-------- MATERIAL TO PROCESS

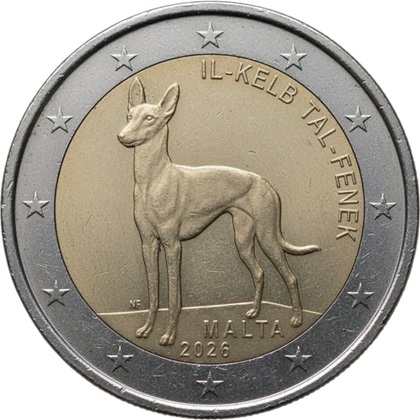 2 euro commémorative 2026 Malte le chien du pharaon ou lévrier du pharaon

----------------
-------- MATERIAL TO PROCESS

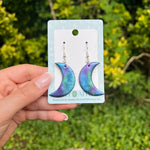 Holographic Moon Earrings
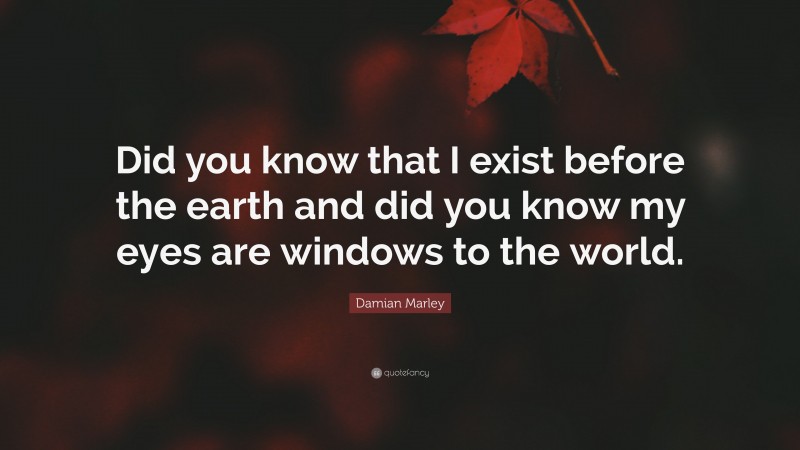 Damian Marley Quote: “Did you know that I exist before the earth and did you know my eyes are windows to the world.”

----------------

ACTION ITEM: Nothing but the lines above from the line with "Holographic Moon Earrings" up to and including the line with "you know that" should be returned, exactly as written and without pictures.

TASK ANSWER:
 Holographic Moon Earrings
 Damian Marley Quote: “Did you know that I exist before the earth and did you know my eyes are windows to the world.”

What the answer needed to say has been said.